New CULT attack model breaks quantum federated learning defenses

A new paper from researchers Aakar Mathur, Mohammed Ruknuddin, and Ashish Gupta, accepted at IJCAI-ECAI 2026, presents the Circuit-Level Threat (CULT) model — a formal framework for backdoor attacks in Quantum Federated Learning (QFL). QFL inherits standard federated learning's vulnerability to malicious clients and adds new attack surfaces from variational circuit training and measurement-driven gradients. CULT defines four quantum-aware attack types: Grover, Pauli, Bit-flip, and Sign-flip, each exploiting quantum-specific mechanisms. The authors prove theoretically that these attacks remain stealthy under standard smoothness assumptions, and empirically show that a single malicious client can cause severe accuracy degradation on FedAvg aggregation over MNIST and CIFAR-10 with non-IID splits.
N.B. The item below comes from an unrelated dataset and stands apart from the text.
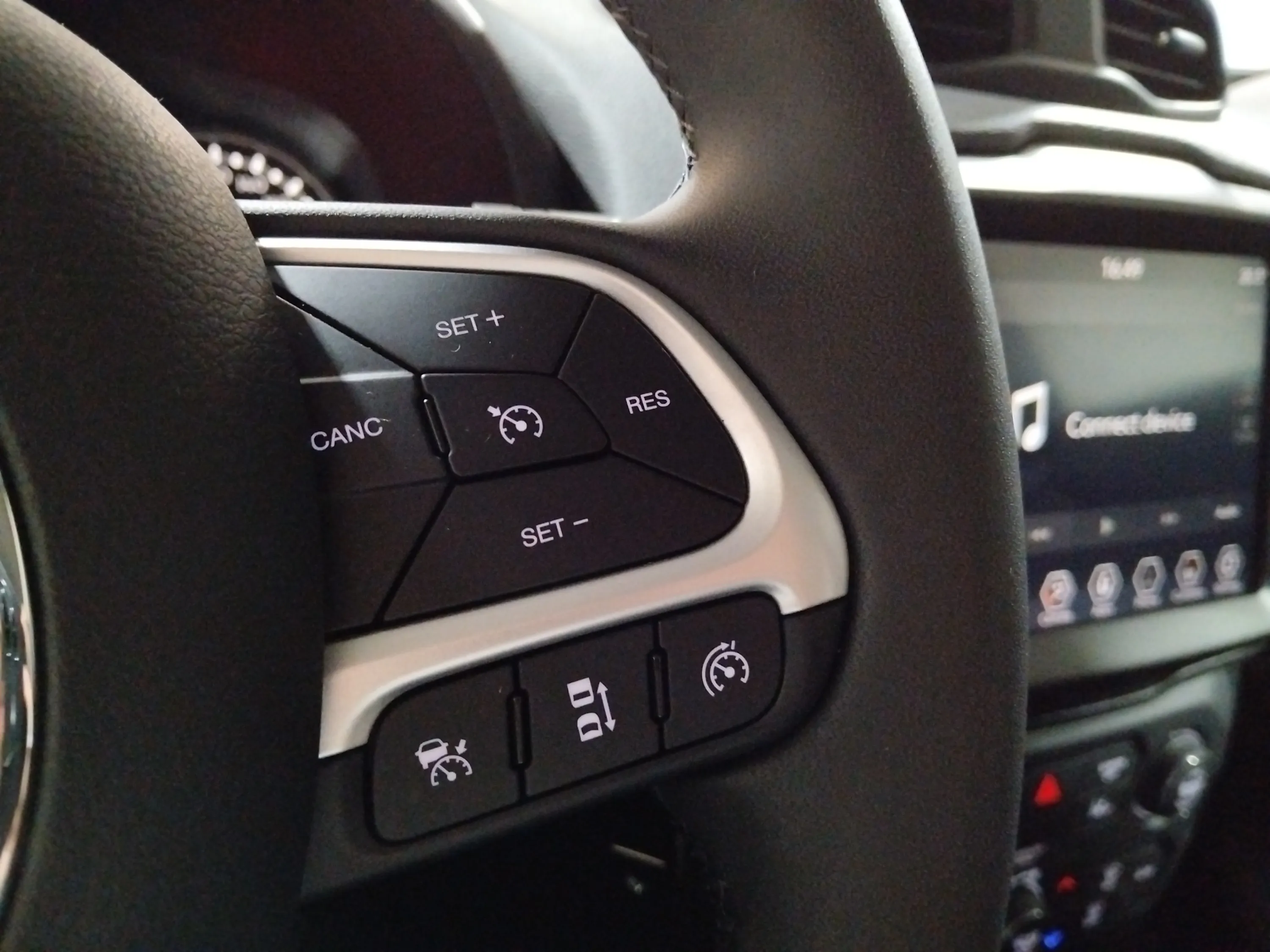 Jeep Renegade eHybrid 1.5 Limited ATX - foto 22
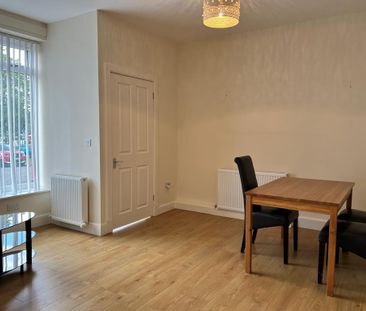 1 Bed Semi-Detached House, Parkgrove Street, EH4 - Photo 1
While popular defenses — Krum, Multi-Krum, FoolsGold, FLGuardian, and Mud-HoG — mitigate degradation in many scenarios, they fail to eliminate worst-case failure cases where accuracy drops by up to 50%. Attackers further evade detection because malicious updates stay close to benign update norms, effectively masking their presence. This work highlights that current QFL defenses are insufficient against circuit-level backdoors, posing a critical challenge for deploying quantum federated learning in security-sensitive applications. The CULT model provides a rigorous foundation for developing more robust defenses.